Antonio Guterres,”Gerçek şu ki Güvenlik Konseyi, bugün karşı karşıya olduğumuz en dramatik çatışmalara son verme kapasitesi açısından sistematik olarak başarısız oldu” dedi.
BM Genel Kurulu’na katılan birçok üye ülke temsilcisi Güvenlik Konseyi’nde bir değişimin şart olduğunu ama bu kurum tasfiye edilmeden yerine adil, demokratik bir yapının kurulmasının mümkün olmadığını dile getirdiler.
Antonio Guterres’in Güvenlik Konseyi’ni yeniden düzenleme ihtiyacını ele almayı amaçlayan 21. yüzyıl sorunları için yeni yönetim konseptlerini ana hatlarıyla belirten bir anlaşma önerecek.
Antonio Guterres’e sormak lazım. Tek tanrılı dinlerin temsilcileri, 193 üye devletin (bazılarının nüfusu binlerle ifade ediliyor) temsiliyet hakları vardır. Devleti olmayan sayıları on milyonları geçen onlarca halkın, inancın temsiliyet hakları olacak mı?
Dileriz ezilen halklar, esaret altında ki halklar, sömürge halklar açısından “dağ fare doğurmaz”.
Finlandiya Cumhurbaşkanı Alexander Stubb, daimi üyelerin veto yetkisinin sona erdirilmesini istedi. Stubb gibi düşünen birçok devlet temsilci vardır. Bunlardan birisi de Türkiye Cumhurbaşkanı Recep Tayyip Erdoğan’dı. BM Genel Kurulu’nda “demokratik!” bir tavır sergiledi İsrail’i eleştirdi, “dünya beşten büyüktür” dedi, Filistin halkının “yanında olduğunu” vurguladı ama aynı gün, aynı saatlerde Diyarbakır’da Kürt dili ve kültürü üzerine, Kürtçe kitap basan yayın evleri, kitap evleri, Kürtçe dil kursları basıldı. Birçok yönetici ve öğretmen gözaltına alındı.
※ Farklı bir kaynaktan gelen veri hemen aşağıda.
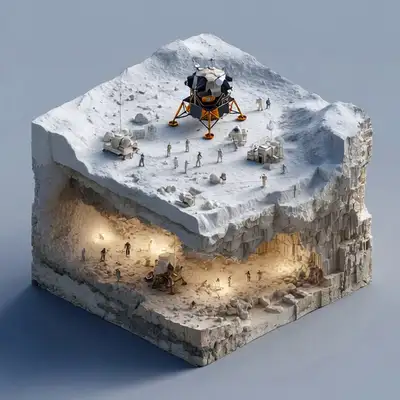 Hyper-Realistic Apollo 11 Möbius Cube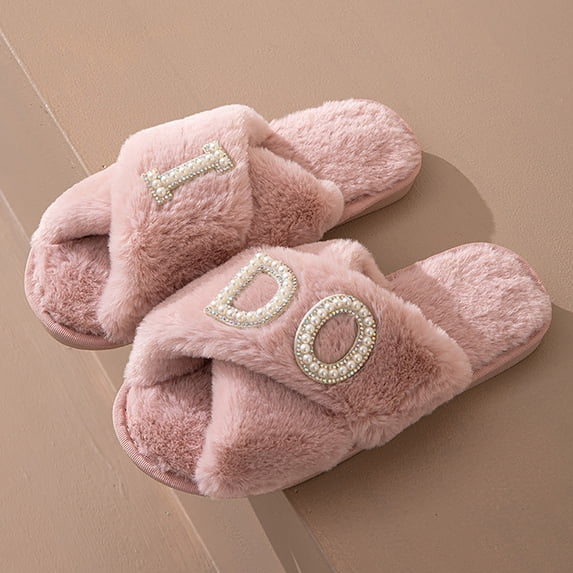 JUSLIO Womens Slippers Non Slip Flat Sole House Slippers Crisscross Cross Strap Fuzzy Plush Open Toe Slides Slippers Pink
Recep Tayyip Erdoğan “Daha adil bir dünya mümkün” diyor. Bu temennisine, istemine katılmamak mümkün değil. Ama şunu da sormadan edemiyoruz. Bu mümkün olan adil dünyada Kürt halkının demokratik, kültürel, siyasal hakları da tanınacak mı?
Yoksa bunda kasıt Kuzey Kıbrıs, Güney Kıbrıs ve Filistin, İsrail gibi devletlerin bağımsızlıklarının tanınması mıdır?
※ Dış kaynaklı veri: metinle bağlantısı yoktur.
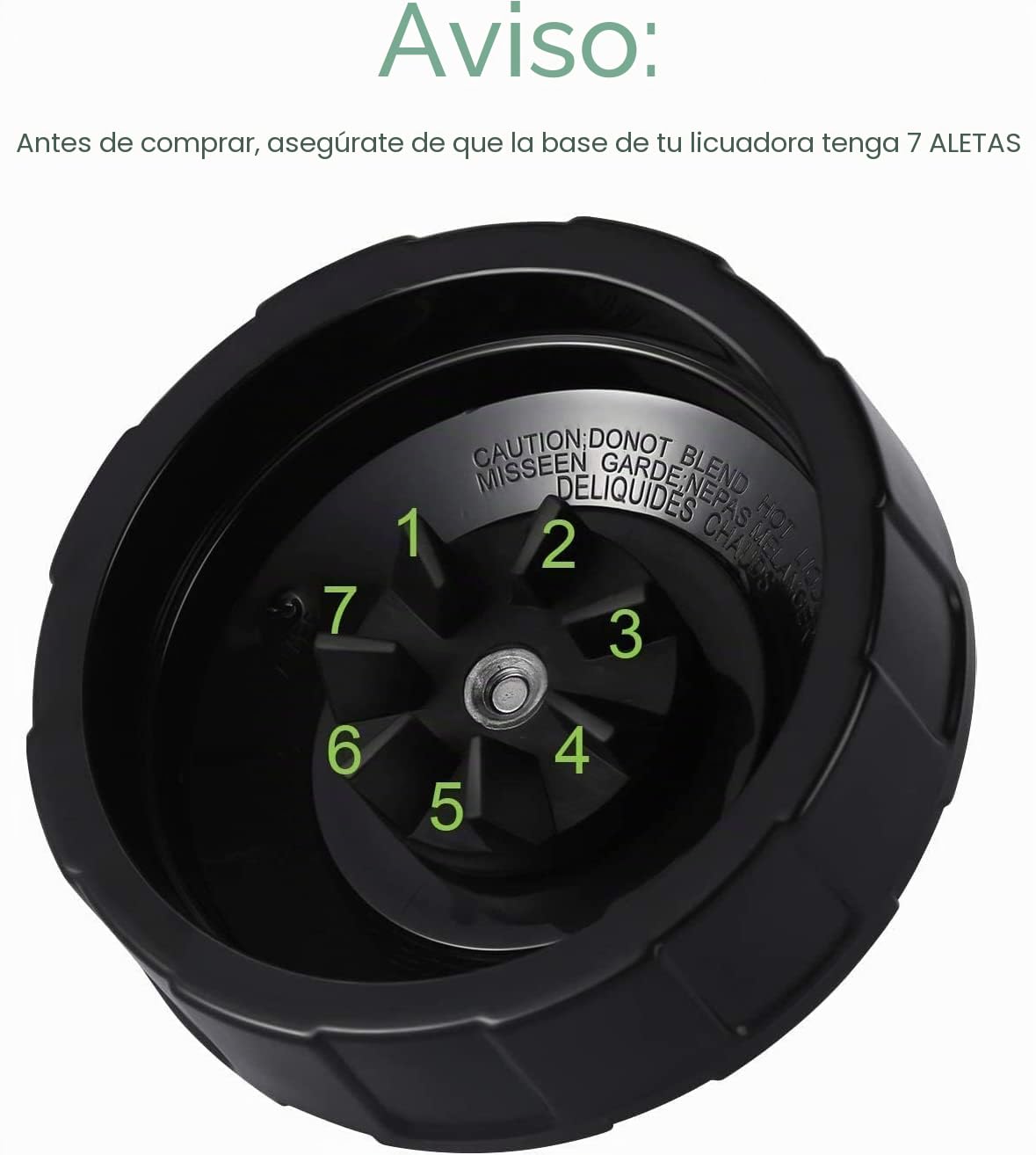 Paquete de 2 piezas de repuesto para licuadora, conjunto de cuchillas extractoras de 7 aletas con junta de goma compatible con licuadoras Nurti Ninja Auto iQ BL480 BL482 BL642 BL682 NN102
Demokratik hakları tanınmayan Kürt halkının coğrafyası da nüfus olarak da bu dört devletin toplamından büyüktür.
Birleşmiş Milletler ezilen, sömürülen, esaret altındaki halklar nezdinde hiçbir şey ifade etmiyor. Bu uluslararası dünyanın tamamını kapsayan kurum dezavantajlı halkların sorununa çözüm olamıyor. Bu halklar BM toplantılarını tiyatro izler gibi izliyorlar.
İnsan, Birleşmiş Milletler Genel Kurulu’ndaki toplantıyı izleyince, vay insanlığın haline diye feryat edesi geliyor.